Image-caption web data

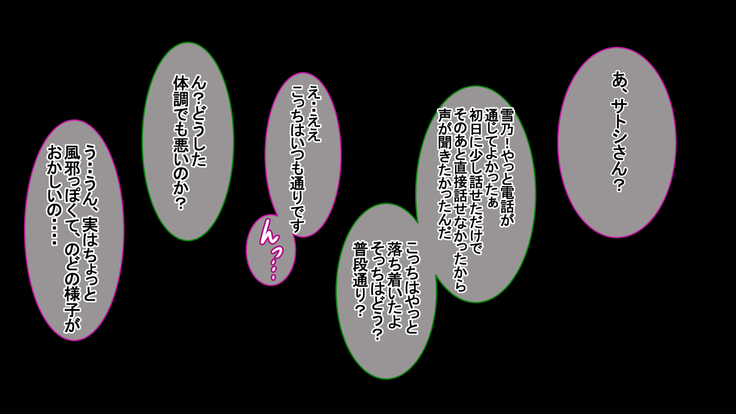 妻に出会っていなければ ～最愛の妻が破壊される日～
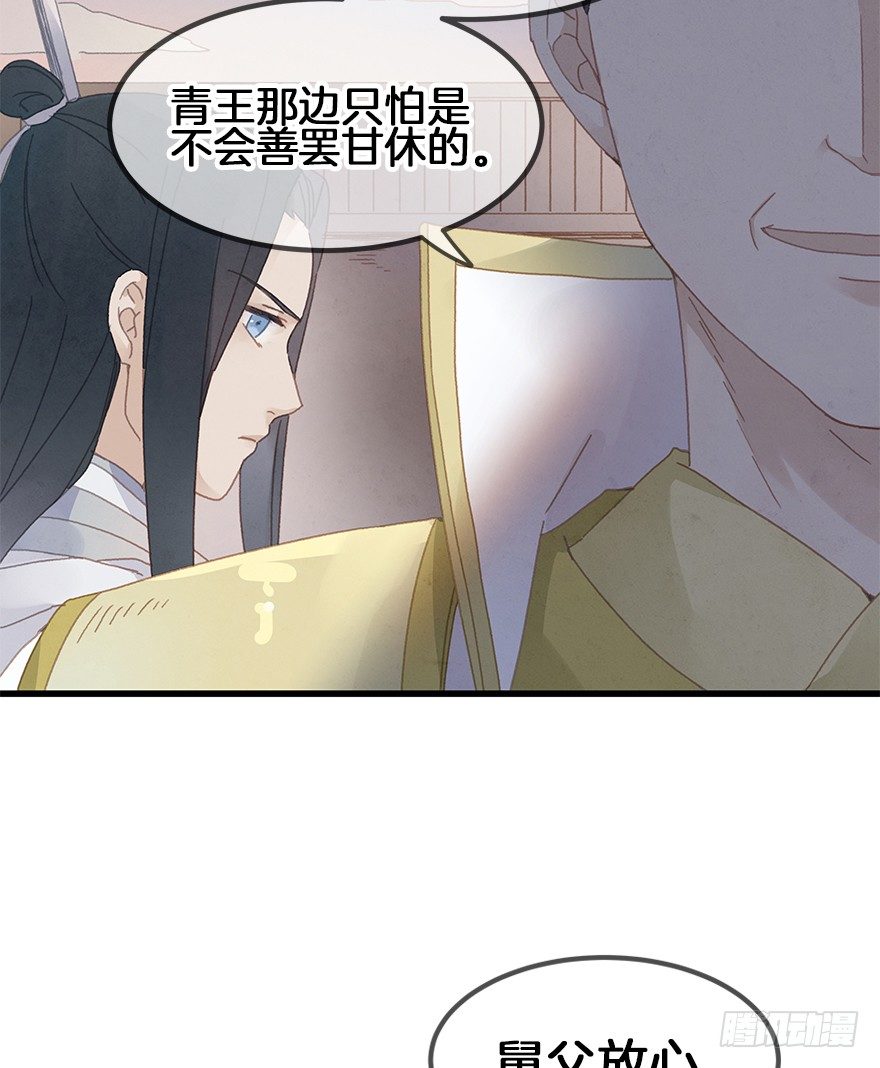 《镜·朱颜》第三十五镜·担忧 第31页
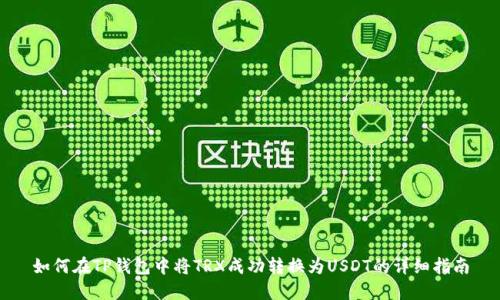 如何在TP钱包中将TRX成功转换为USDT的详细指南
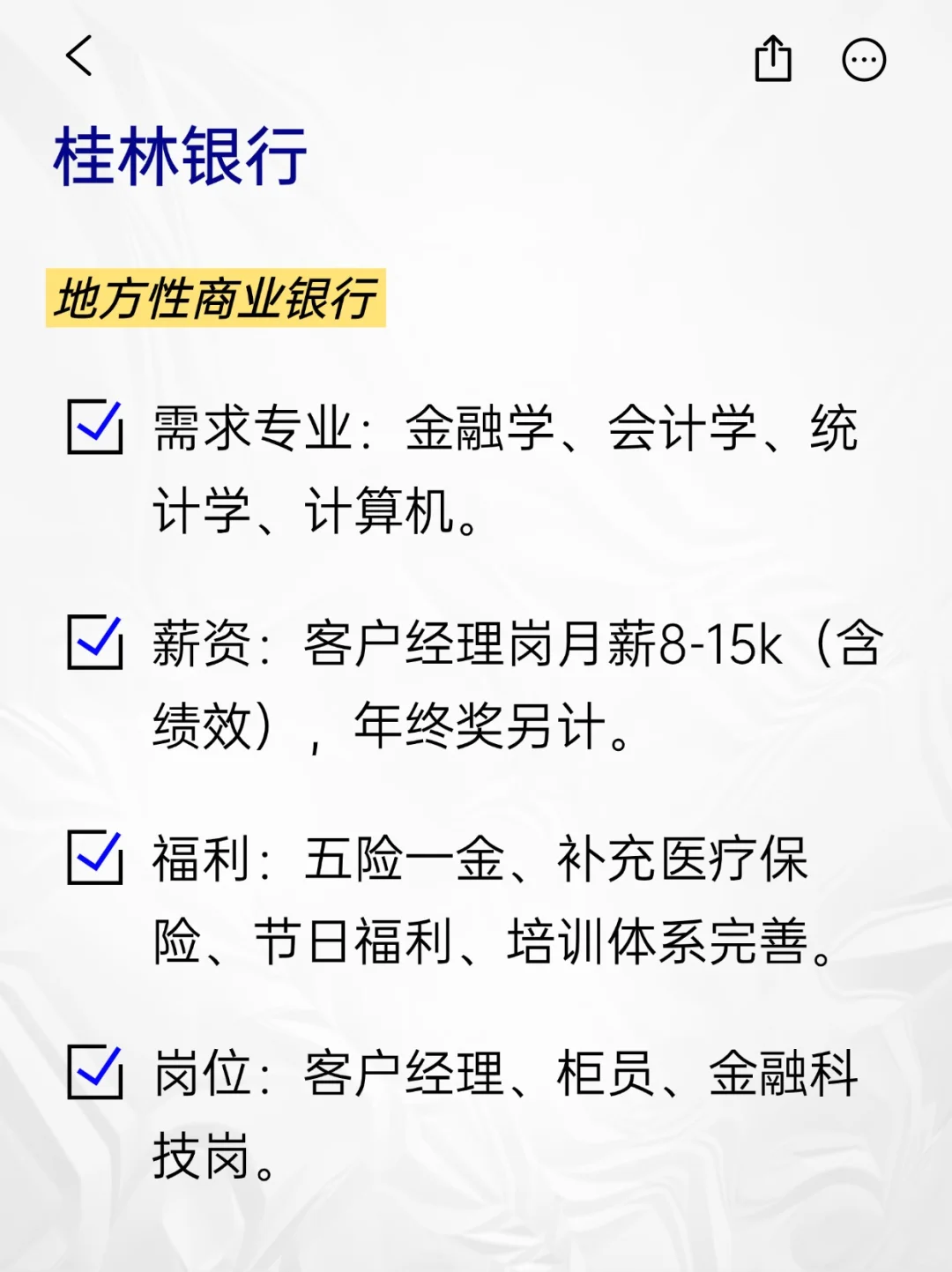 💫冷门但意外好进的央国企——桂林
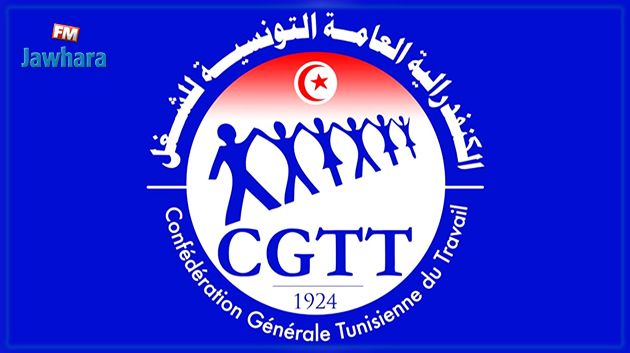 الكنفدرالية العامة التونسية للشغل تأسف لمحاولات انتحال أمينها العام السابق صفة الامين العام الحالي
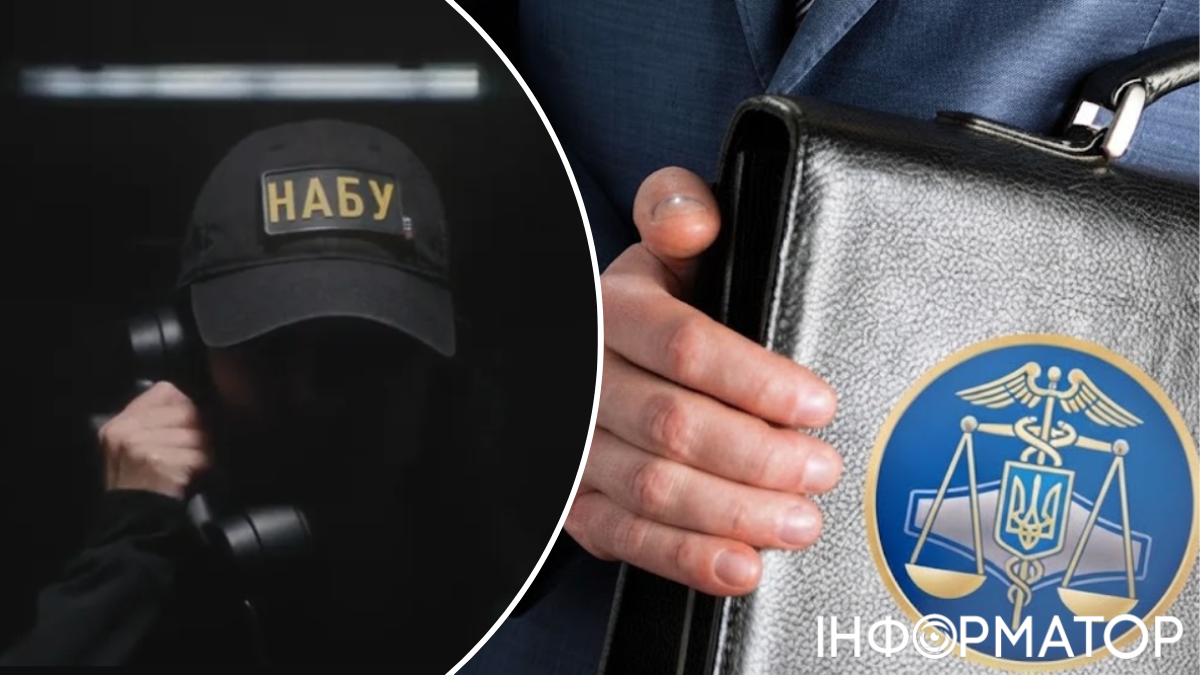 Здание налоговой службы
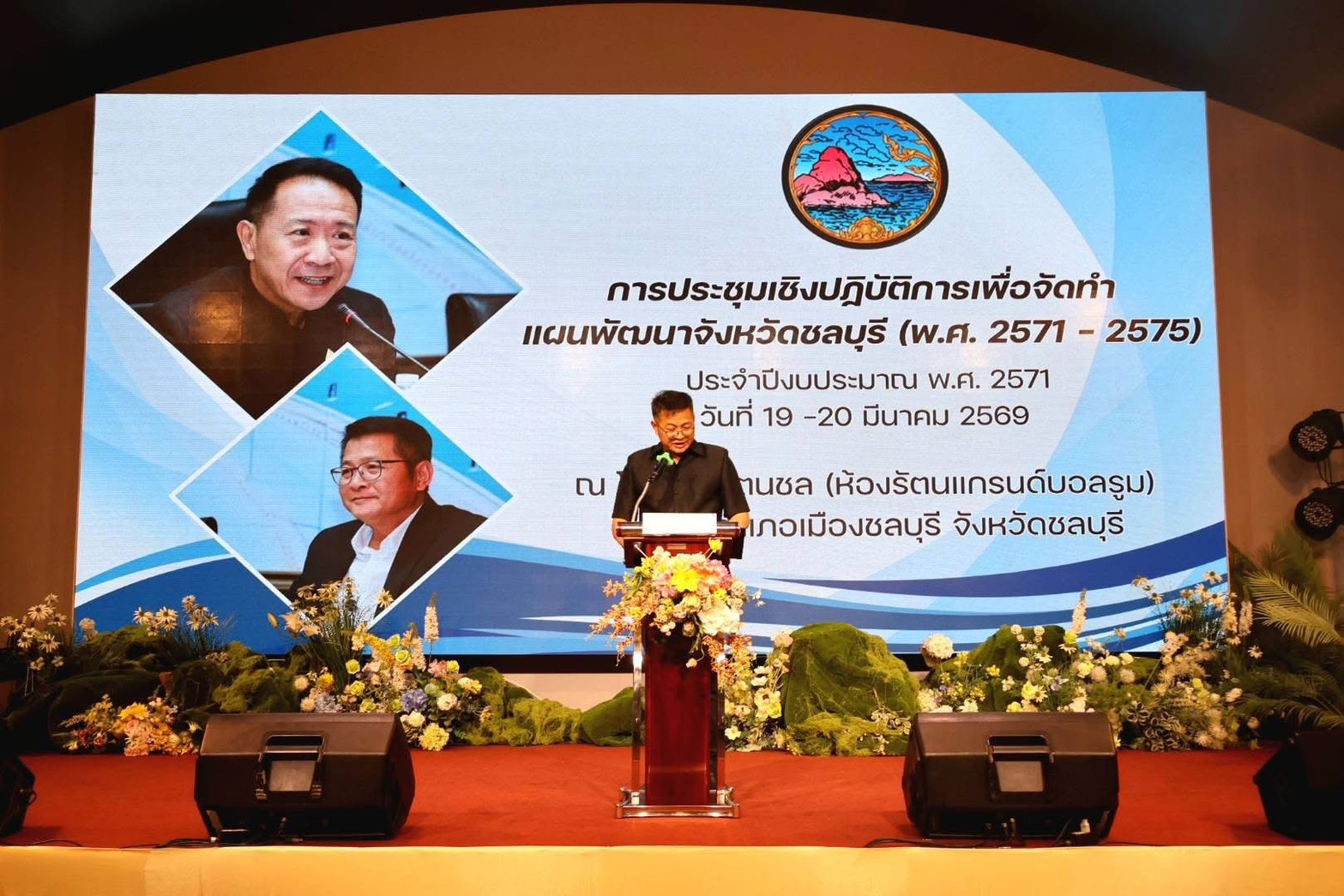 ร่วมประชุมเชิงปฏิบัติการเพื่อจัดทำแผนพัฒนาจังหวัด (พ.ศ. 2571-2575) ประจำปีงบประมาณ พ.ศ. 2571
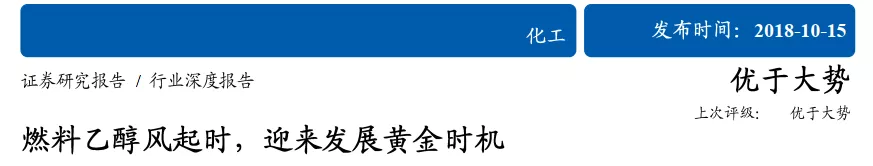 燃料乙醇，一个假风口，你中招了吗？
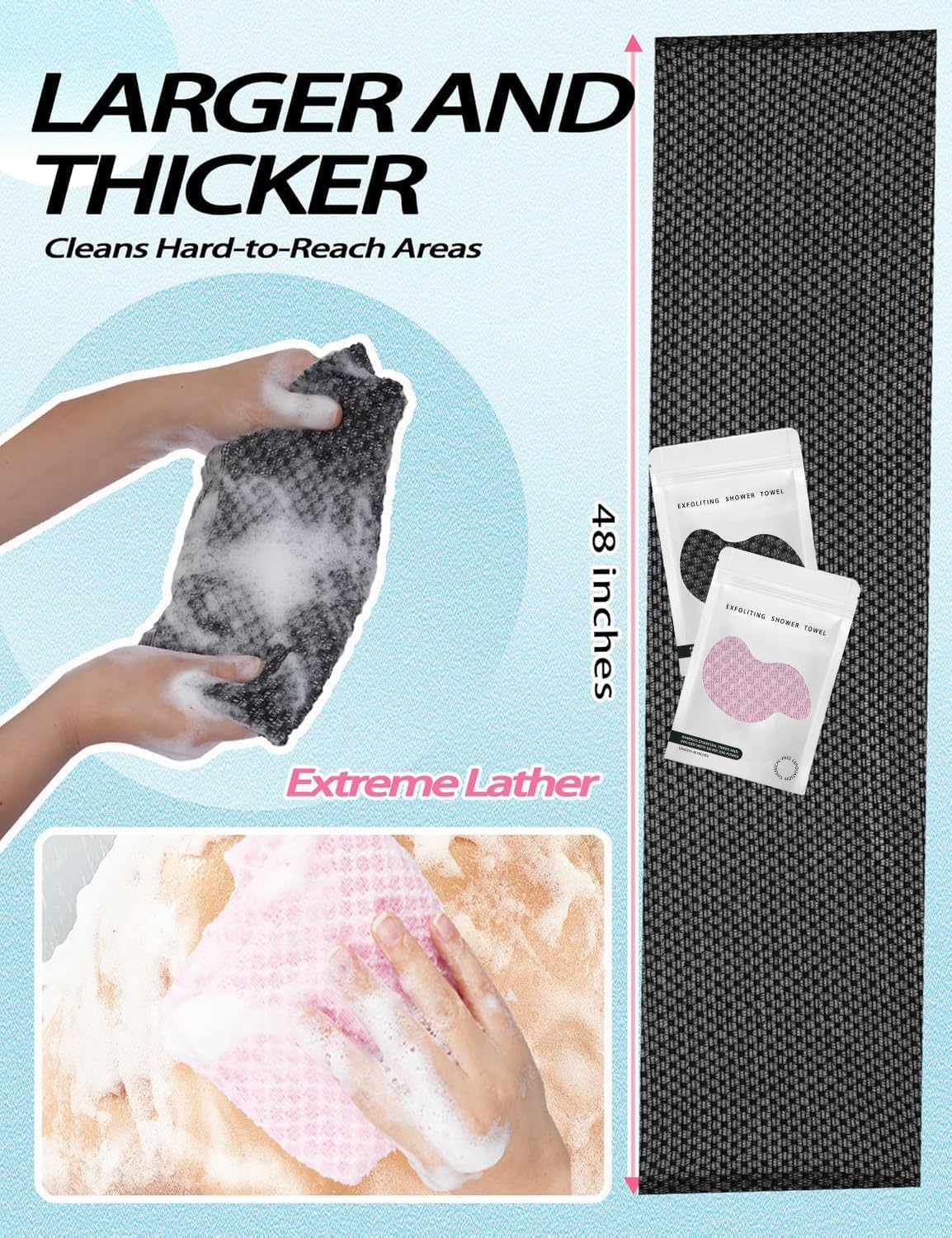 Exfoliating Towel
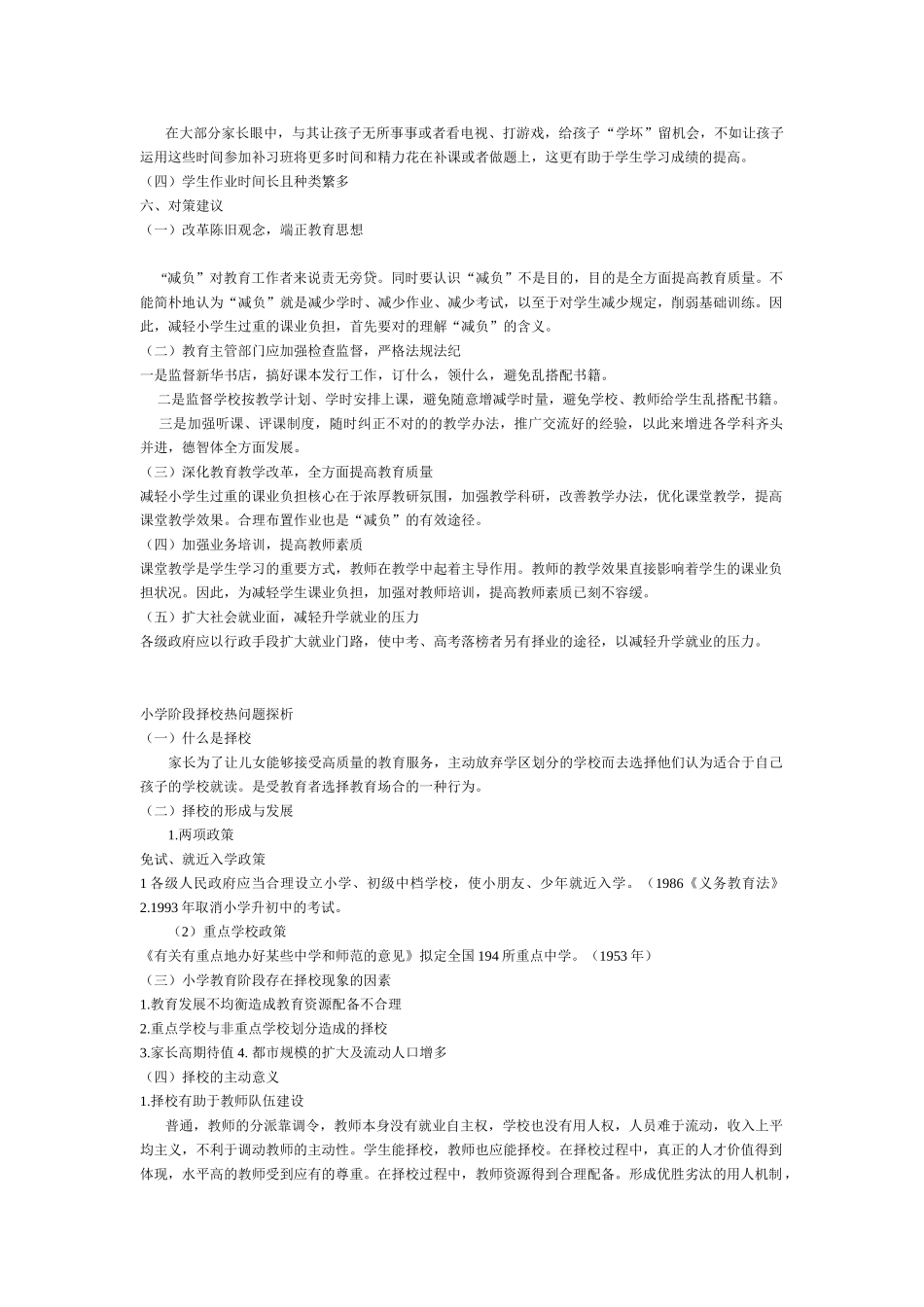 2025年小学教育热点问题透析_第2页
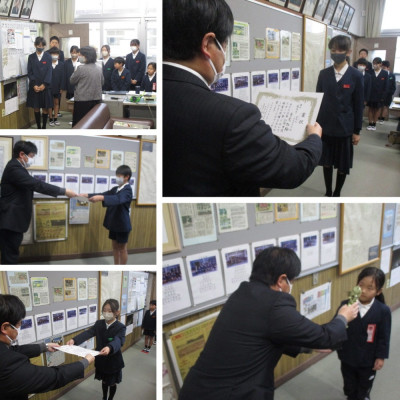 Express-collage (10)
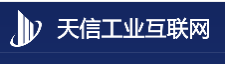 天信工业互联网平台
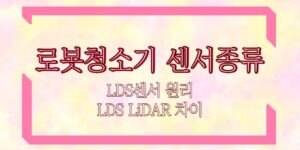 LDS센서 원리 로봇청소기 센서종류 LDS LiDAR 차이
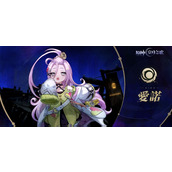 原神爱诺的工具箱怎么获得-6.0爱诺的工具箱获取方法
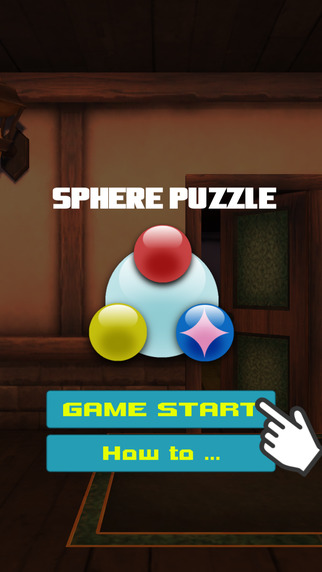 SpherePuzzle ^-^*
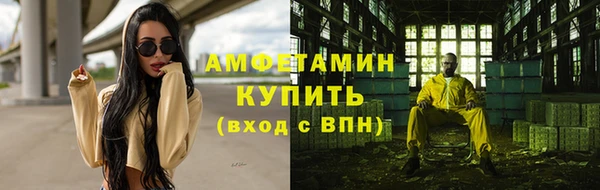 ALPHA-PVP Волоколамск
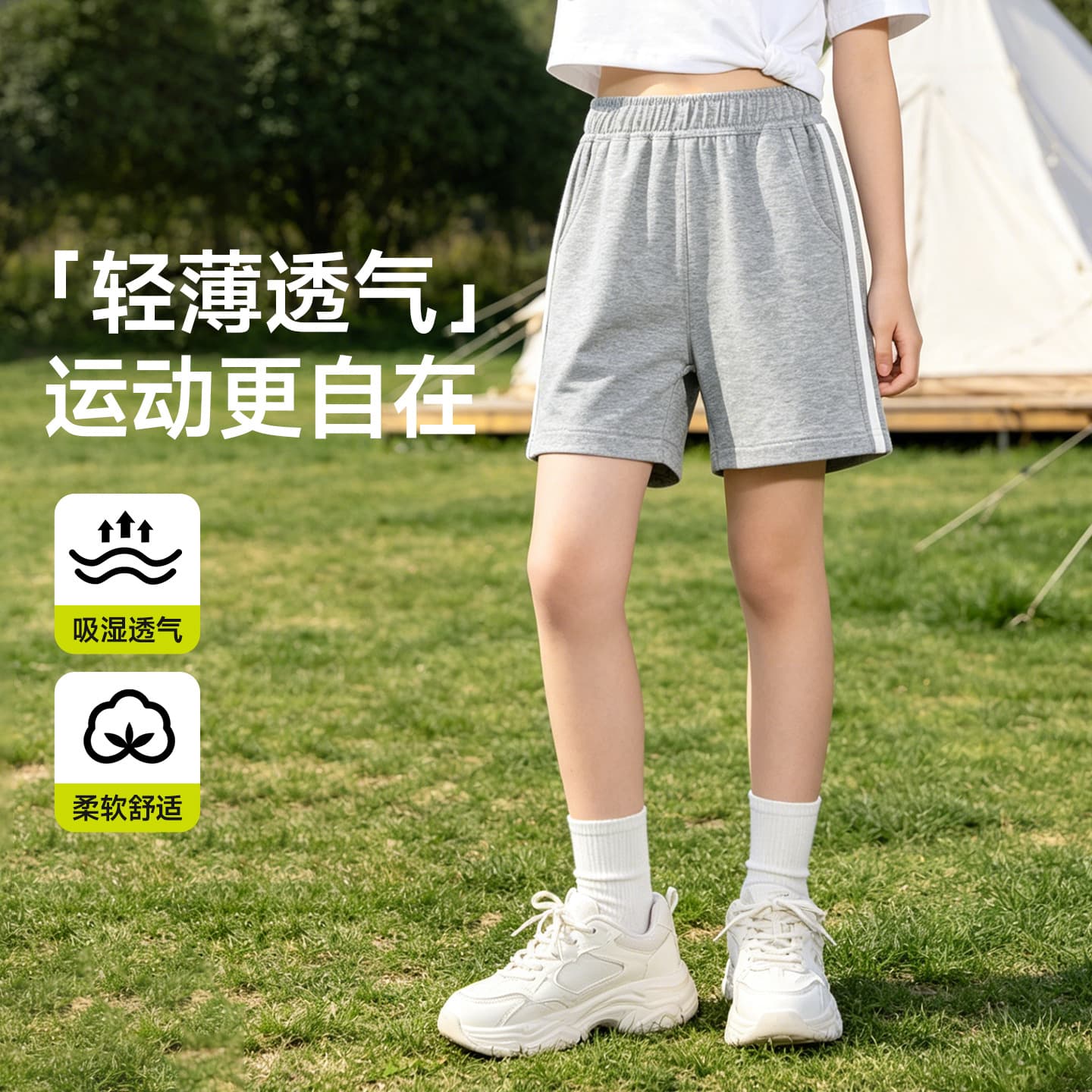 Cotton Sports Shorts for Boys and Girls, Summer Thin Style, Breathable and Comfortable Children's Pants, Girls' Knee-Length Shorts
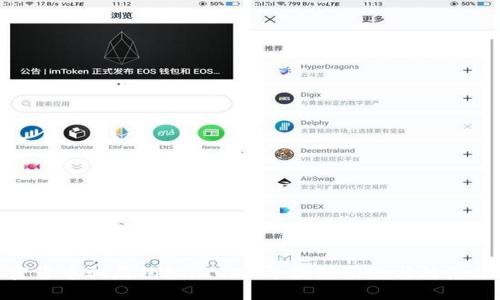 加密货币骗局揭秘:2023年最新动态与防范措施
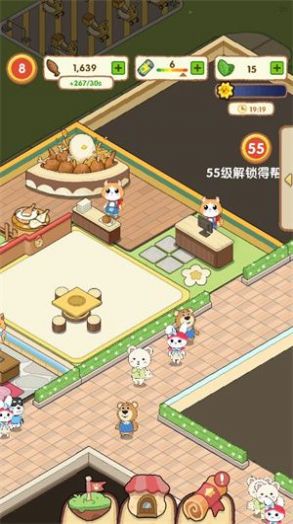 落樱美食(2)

Required action
Beginning at the line that contains "燃料乙醇，一个假风口，你中招了吗？", transcribe it and every later line through the last line of the data above, exactly, and drop the pictures.

Solution
 燃料乙醇，一个假风口，你中招了吗？
 Exfoliating Towel
 2025年小学教育热点问题透析_第2页
 Express-collage (10)
 天信工业互联网平台
 LDS센서 원리 로봇청소기 센서종류 LDS LiDAR 차이
 原神爱诺的工具箱怎么获得-6.0爱诺的工具箱获取方法
 SpherePuzzle ^-^*
 ALPHA-PVP Волоколамск
 Cotton Sports Shorts for Boys and Girls, Summer Thin Style, Breathable and Comfortable Children's Pants, Girls' Knee-Length Shorts
 加密货币骗局揭秘:2023年最新动态与防范措施
 落樱美食(2)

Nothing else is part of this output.